Beranjak dari isu sampah fisik, Kementerian Perhubungan melalui Rohman juga menyoroti aspek lingkungan lain yang tak kalah krusial: emisi karbon yang dihasilkan dari aktivitas penerbangan. Rohman menargetkan bahwa pada tahun 2027, seluruh bandara, maskapai, dan industri penerbangan di Indonesia sudah harus mampu menghitung jejak emisi karbon mereka. Hingga saat ini, ia mengungkapkan, baru sekitar 10 bandara yang memiliki kapabilitas untuk melakukan penghitungan tersebut.
Data menunjukkan, lebih dari 234 ribu ton karbon dioksida (CO2) telah dihasilkan oleh industri penerbangan pada tahun ini. Penghitungan emisi karbon ini, menurut Rohman, sangat vital sebagai dasar bagi pemerintah dalam merumuskan kebijakan yang efektif untuk mengurangi produksi senyawa gas rumah kaca. Salah satu program konkret yang telah dijalankan untuk menekan emisi karbon penerbangan adalah modernisasi peralatan ground handling di bandara dengan beralih ke penggunaan kendaraan listrik yang lebih ramah lingkungan.
Komitmen terhadap energi terbarukan juga terlihat dari laporan Rohman bahwa hingga Desember 2024, sebanyak 54 bandara telah mengadopsi panel surya untuk menyuplai daya bagi lampu LED. Inisiatif ini diperkirakan mampu menghemat energi sekitar 27 ribu ton. Lebih lanjut, 106 bandara dan tiga kantor otoritas bandara kini menggunakan sistem solar power lighting untuk penerangan, yang berhasil menekan penggunaan solar sebesar 1.991 ton energi.
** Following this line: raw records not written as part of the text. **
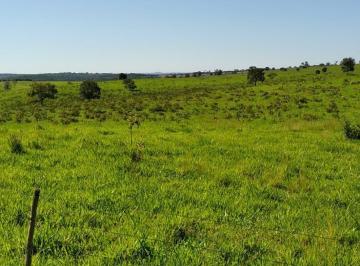 Imagem 1 · Fazenda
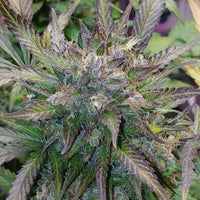 Flash Glue Regular Cannabis Seeds by GG Genetics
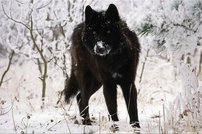 Tapeta Vlk - ZR 0107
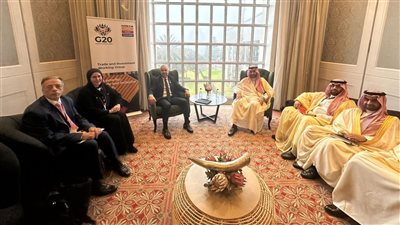 مصر تشارك بالاجتماع الوزاري للتجارة والاستثمار لمجموعة العشرين في جنوب إفريقيا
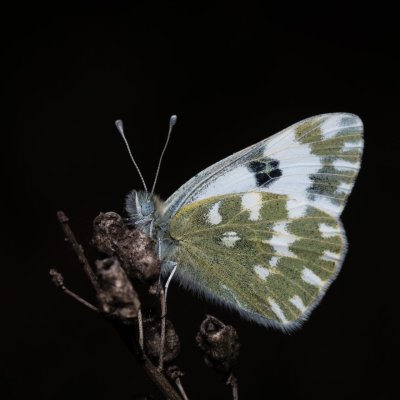 Pontia edusa (bělásek rezedkový), PP Člupy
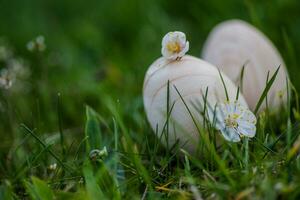 Two white Easter eggs with a branch of apricot in green grass. Easter background. Search for eggs at Easter. photo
Selain itu, 18 bandara telah sepenuhnya beralih menggunakan lampu LED, menandakan upaya berkelanjutan dalam efisiensi energi. Melalui serangkaian kebijakan dan program ini, Kementerian Perhubungan menunjukkan komitmen kuatnya terhadap transportasi udara berkelanjutan, baik melalui pengelolaan limbah bandara yang efektif maupun pengurangan emisi karbon penerbangan demi lingkungan yang lebih bersih.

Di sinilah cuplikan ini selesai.